How the problem came about:
Our web app boxes were setup with a HOST file pointing to the SQL DB Server. However, each time we rebooted the SQL instance we would have to go in and possibly change the HOST file. In addition, in our connection strings were referencing the name assigned in the HOST file (i.e., DBSERVER). This has its disadvantages as we are not using a fully qualified domain name for this. This would limit us in the future for maintenance and in case we needed to scale out the backend side.
The first step we did was assign an elastic IP address to the DB Server. Next we created an A record in Route 53 to point to the new elastic IP (i.e., dbserver.yourname.com).
Next, we opened up port 1433 between the internal EC2 security groups.
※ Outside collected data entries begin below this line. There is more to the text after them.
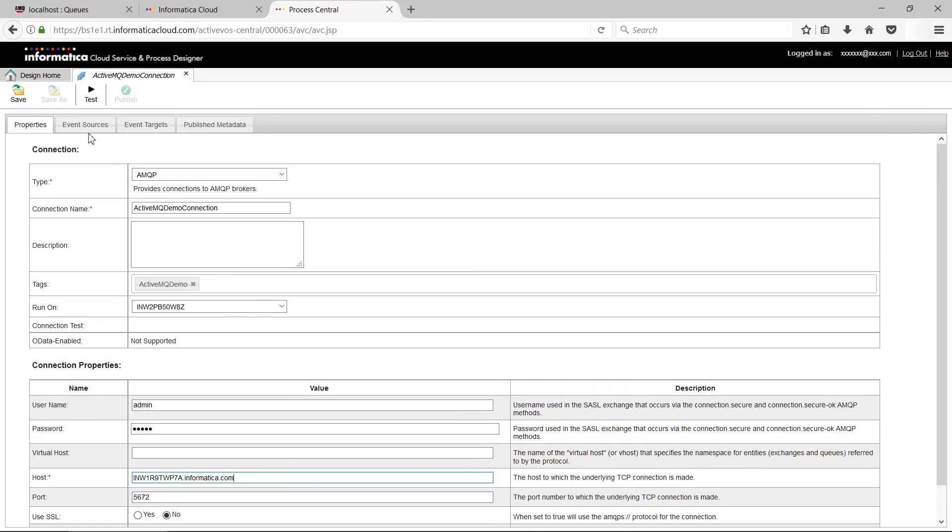Note that the port must always be 5672. Fill the host field with the host name where ActiveMQ Server is running. You can fill other details as per your choice.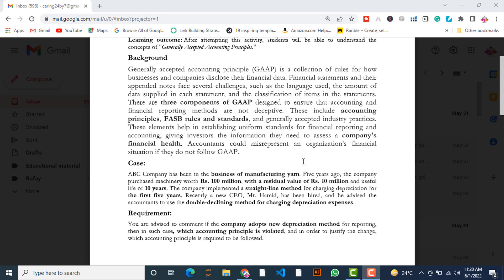Now coming to the case: ABC Company has been in the business of manufacturing yachts. Five years ago, the company purchased machinery costing 100 million with a residual value of 10 million and a useful life of 10 years. The company implemented the straight-line method for charging depreciation for the first five years.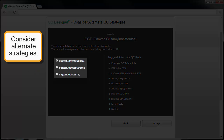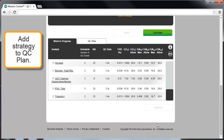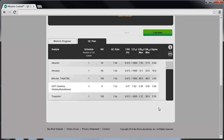In this example, there are three options to help resolve the conflict. The first is to consider an alternative QC rule, suggested as 1-2-S. The second is to consider an alternative schedule of 25 QC events per day. The third is to consider an alternative allowable total error specification (TEA), recommended to be 14%. In this case, we'll select the alternative rule of 1-2-S and click Accept. The Work in Progress tab now shows the accepted alternate QC strategy for GGT as a solution. Selecting the GGT row and clicking Approve moves the solution into the QC Plan, which now shows GGT included.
This way we are not opening up port 1433 to the outside world in anyway. We are simply saying “Ok web app servers in the web security group, you can now talk to db servers in the sql security group on port 1433”.
At first, I thought that would work…it didn’t. The reason I thought this would work is because when I went to the AWS re:invent conference I chatted with an engineer there regarding how routing works for the elastic IP’s and Route 53 records. He mentioned that AWS notices that the IP belongs to them and routes it right back, without going outside its network…pretty cool!
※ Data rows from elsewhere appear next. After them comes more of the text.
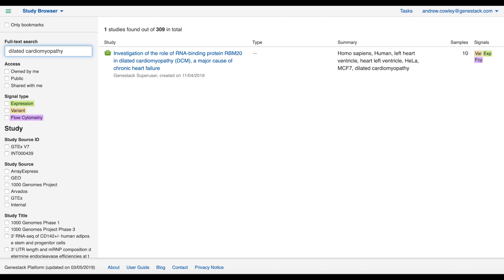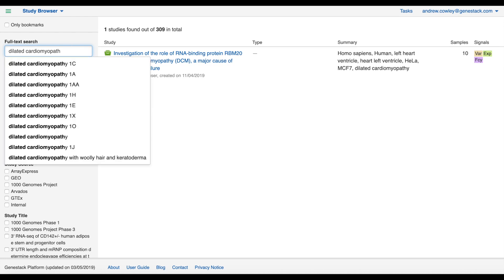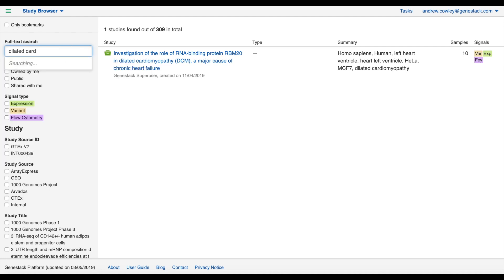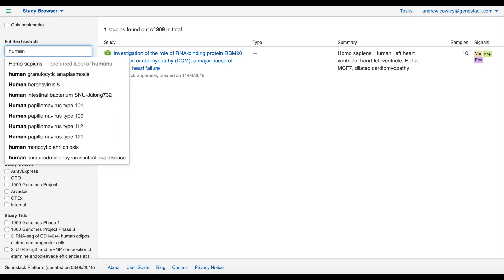Human, for example, should really be described as Homo sapiens. So if I type human in the search box, the autocomplete suggests Homo sapiens as a preferred label of human.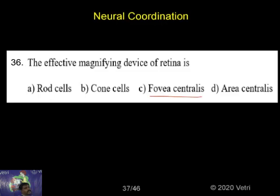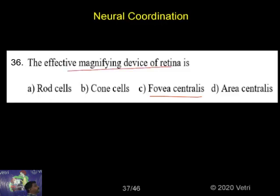Fovea centralis — Briscilla, very good. Retina, an effective magnifying device, is present in fovea centralis. So, option C is the correct answer. Briscilla, summary.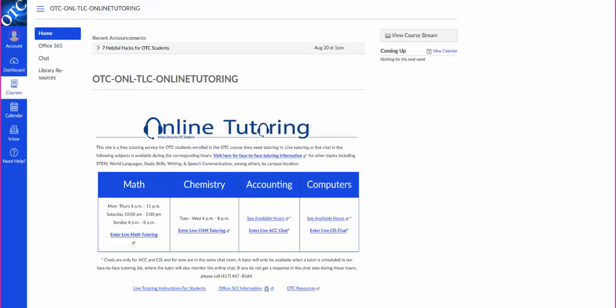Hello. Welcome to the online tutoring site provided by the Speckman Tutoring and Learning Center at OTC Springfield Campus. All students enrolled in any course at OTC can have access to this room in Canvas. You'll notice that there are four main topics: math, chemistry, accounting, and computers that you can get tutoring in.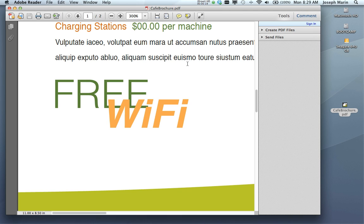When the ink hits the paper on press, especially when it comes to overprints. Here we have the words 'Free Wi-Fi', and the word 'free' appears to be knocking out from beneath the word 'Wi-Fi'.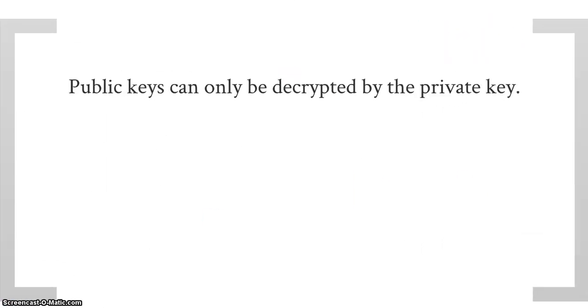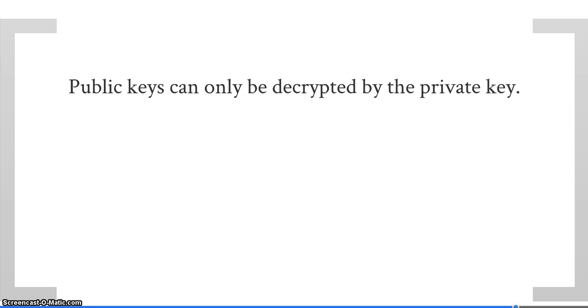And the reason this all works is simply because public keys can only be decrypted by the private key. And as we know, me and Chris both own our respective private keys but have swapped public keys, so now we can communicate uninhibited.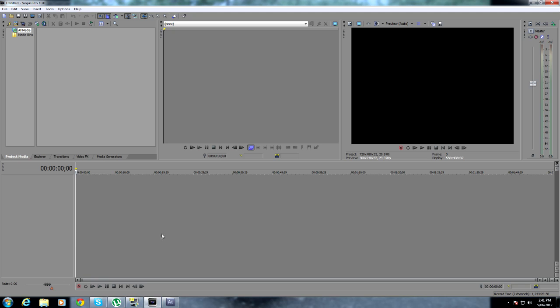Hey guys, Crumb here, and I'm going to show you how to render the proper way so you don't make me mad.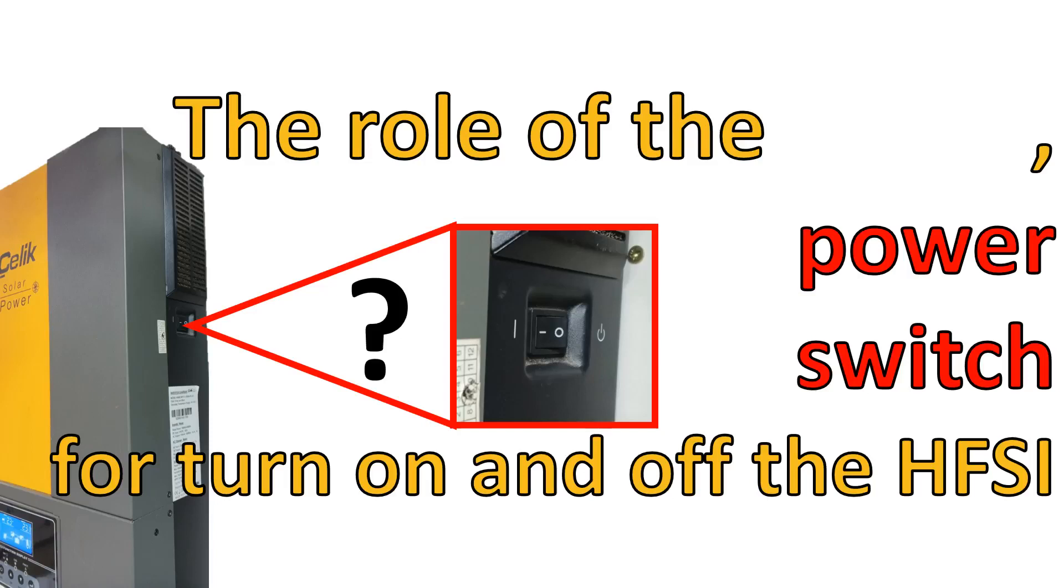Hello everybody, in this video I'm going to show you what is the role of the power switch in turning on and off the high-frequency solar inverter.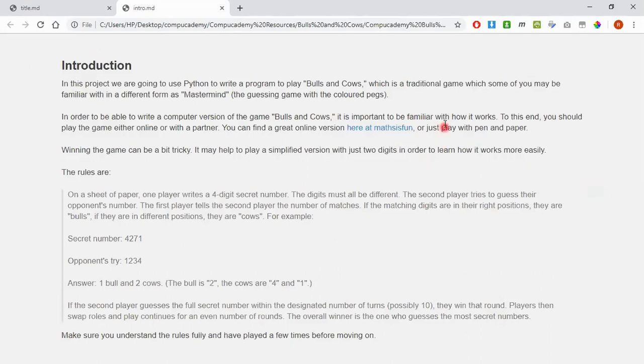We give you a link to an online version of it that you can play. You can also play the game with your friends, but it is really important that you fully understand the rules before you try and write any code. Otherwise, you're going to get lost along the way.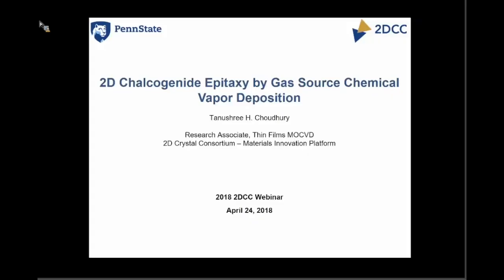Welcome, everyone, to the most recent installment of the 2DCC webinar series. Today we have Dr. Tanu Chaudhry. She's a research associate here in the 2DCC on thin films, and she'll be talking about gas source CVD.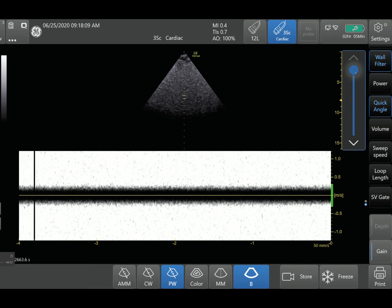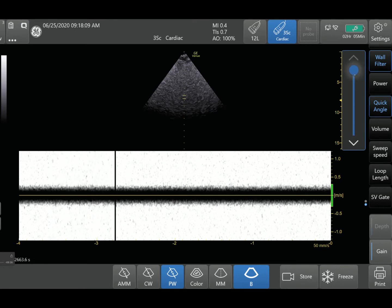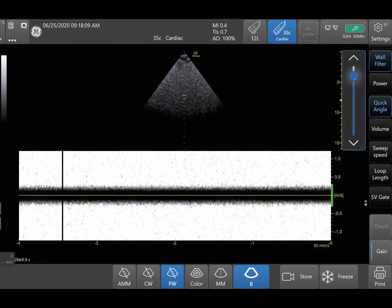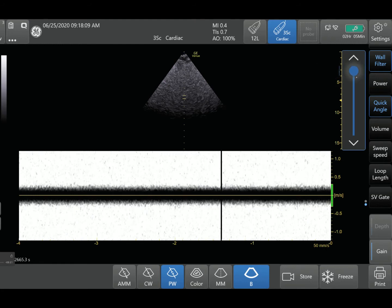The higher you increase your wall filter, the more you're going to filter out lower velocity signals. The lower you put it, the less you're going to be filtering out. So here we're filtering out a lot more low velocity signals. That's wall filter — I hope that makes sense.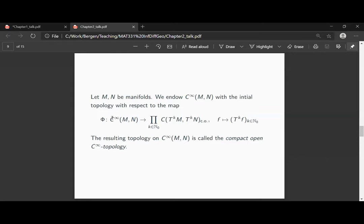The mapping phi sends a C-infinity function from M to N onto the family of all its iterated tangent mappings. We saw that we can form a tangent map and iterate the procedure. These iterated tangent mappings are mappings from higher tangent bundles: T^k of F maps from the k-th iterated tangent bundle of M to the k-th iterated tangent bundle of N.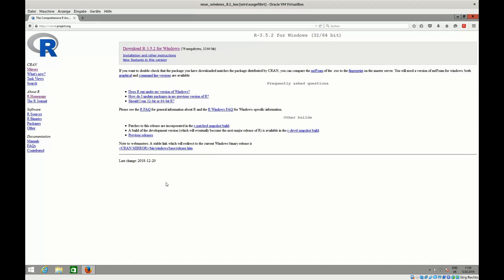This is the second video of our series. We have already installed R - if you haven't, you probably would like to check out the first video. This time we want to install RStudio, which is an integrated development environment.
The solution to the problem was to make a CNAME record for the DB Server. So now I have attached an elastic IP of x.x.x.x to the instance. Now AWS creates a public DNS record of ec2-x-x-x-x….. Then I created a CNAME that was setup as dbserver.yourname.com pointing to ec2-x-x-x-x……
Now when the web security group goes to access the sql security group, it knows dbserver.yourname.com is inside the AWS network and will be able to access it by its private IP address within AWS.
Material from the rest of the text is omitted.